### DATA TO PROCESS
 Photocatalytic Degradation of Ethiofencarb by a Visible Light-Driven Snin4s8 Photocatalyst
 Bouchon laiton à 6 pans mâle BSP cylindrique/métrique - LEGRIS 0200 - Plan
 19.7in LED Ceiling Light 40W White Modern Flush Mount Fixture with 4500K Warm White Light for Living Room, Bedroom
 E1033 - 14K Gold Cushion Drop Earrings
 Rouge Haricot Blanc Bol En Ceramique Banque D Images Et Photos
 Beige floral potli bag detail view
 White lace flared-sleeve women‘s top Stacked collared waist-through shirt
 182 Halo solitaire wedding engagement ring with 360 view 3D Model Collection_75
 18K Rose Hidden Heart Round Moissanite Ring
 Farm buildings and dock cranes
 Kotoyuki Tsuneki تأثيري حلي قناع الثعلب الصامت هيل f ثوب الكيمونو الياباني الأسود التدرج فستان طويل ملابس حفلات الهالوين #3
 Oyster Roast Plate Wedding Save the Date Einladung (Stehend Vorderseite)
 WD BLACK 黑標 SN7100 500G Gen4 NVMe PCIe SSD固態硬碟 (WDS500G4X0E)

### TASK INSTRUCTIONS
Your task is to write out, exactly, the line that holds "182 Halo solitaire" and every line after it until the records end.

### RESPONSE TO THE TASK
 182 Halo solitaire wedding engagement ring with 360 view 3D Model Collection_75
 18K Rose Hidden Heart Round Moissanite Ring
 Farm buildings and dock cranes
 Kotoyuki Tsuneki تأثيري حلي قناع الثعلب الصامت هيل f ثوب الكيمونو الياباني الأسود التدرج فستان طويل ملابس حفلات الهالوين #3
 Oyster Roast Plate Wedding Save the Date Einladung (Stehend Vorderseite)
 WD BLACK 黑標 SN7100 500G Gen4 NVMe PCIe SSD固態硬碟 (WDS500G4X0E)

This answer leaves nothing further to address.